Biden diplomatic nominee suggests some Iran sanctions will remain

Deputy secretary of state nominee says she agrees that US should keep some sanctions on Iran, regardless of nuclear deal talks

By Middle East Eye stafff

March 3, 2021

Wendy Sherman, US President Joe Biden's nominee for deputy secretary of state, has suggested that Washington should keep some sanctions on Iran - even if the United States returns to the multilateral nuclear deal.

During a Senate confirmation hearing on Wednesday, Sherman - a veteran diplomat who helped negotiate the 2015 nuclear pact - agreed with senior Democratic Senator Bob Menendez that some sanctions must remain in place against Iran.

"It is a fair statement that we have to keep sanctions on [Iran] that deal with human rights abuses, state sponsorship of terrorism, arms sales, et cetera, what we've done in terms of Hezbollah and Hamas. So yes, I think there are many things that need to stay in place," she said.

During the hearing, Menendez, an Iran hawk who now chairs the Senate Foreign Relations Committee, pushed Sherman on the kinds of sanctions relief that reviving the Iran deal may grant Tehran, arguing that non-nuclear-related sanctions should not be lifted.

"There are sanctions which I helped fashion that are not about the nuclear portfolio and issue but about terrorism and other things.
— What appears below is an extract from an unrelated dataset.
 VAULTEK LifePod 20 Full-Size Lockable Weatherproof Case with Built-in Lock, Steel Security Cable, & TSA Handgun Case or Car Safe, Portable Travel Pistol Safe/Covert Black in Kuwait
Iran likes to try to claim that all sanctions that we levy are just about their nuclear portfolio.

"We cannot tolerate that or else we will have nothing in our arsenal of peaceful diplomacy to deal with Iran's other nefarious activities," Menendez told Sherman. "Is that a fair statement?"

Sherman agreed with the chairman's take and promised the Biden administration sought "true consultation [with], not just notification" of Congress. 
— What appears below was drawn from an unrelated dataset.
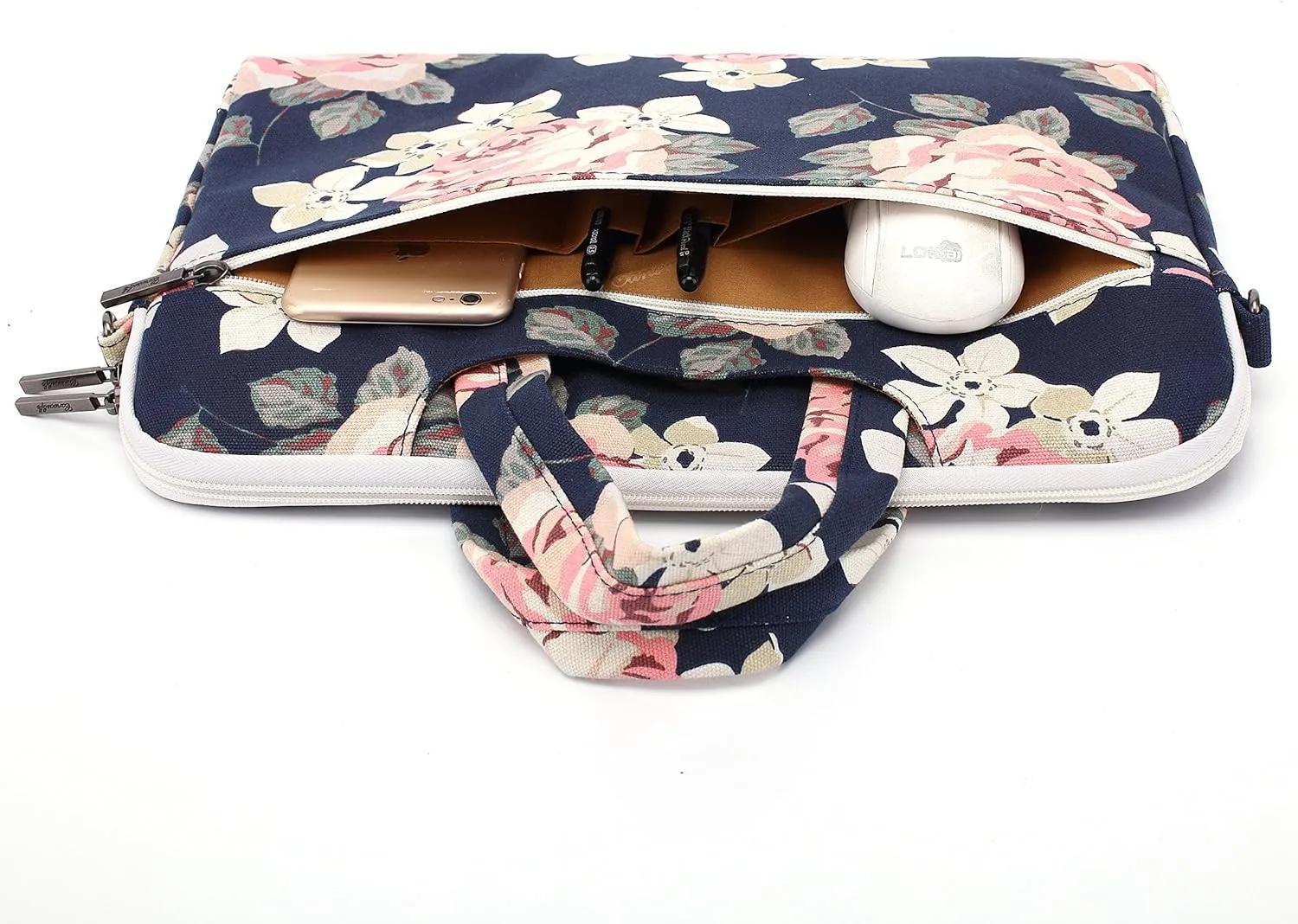 canvaslife White Rose Patten Waterproof Shoulder Messenger Bag Case Sleeve for 14 Inch 15 Inch Laptop Briefcase 15.6 Inch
Former President Donald Trump withdrew from the multilateral nuclear accord with Iran in 2018 and imposed an ongoing series of sanctions against the country.
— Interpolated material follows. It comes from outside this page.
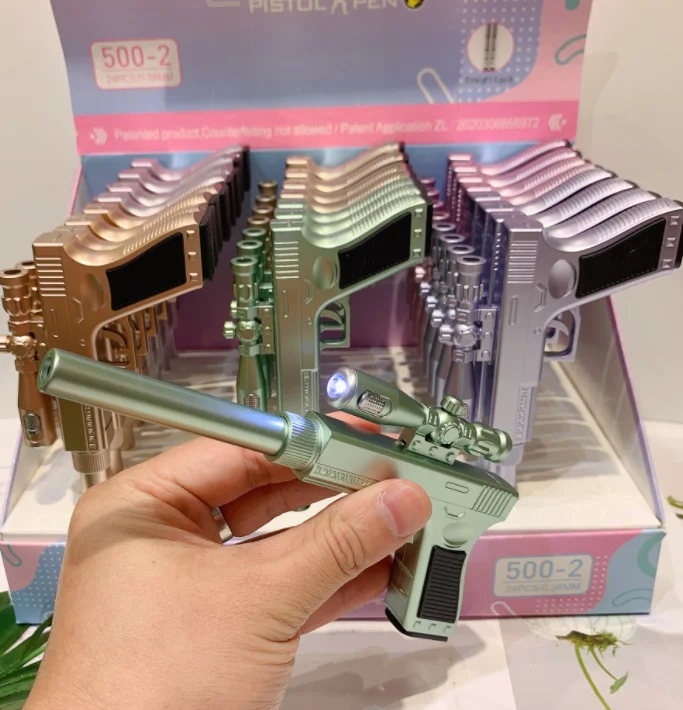 Botu Gun Shape Gel Pen With LED Light Office Student Gift Writing Pens Funny Toy Sniper Gun Pen Shape Stationery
Fresh rounds of sanctions against Iran had been imposed by the Trump administration up until its final days in office. During the end of Trump's term, however, the administration began to shift the focus of sanctions, specifically imposing non-nuclear-related measures.

The moves appeared strategic and in anticipation of the Biden team's plans to re-enter the deal with Iran, as analysts warned non-nuclear sanction would be difficult to reverse during negotiations. 

The nuclear deal, known as the Joint Comprehensive Plan of Action (JCPOA), had seen Iran scale back its nuclear programme in exchange for lifting US-led international sanctions against its economy.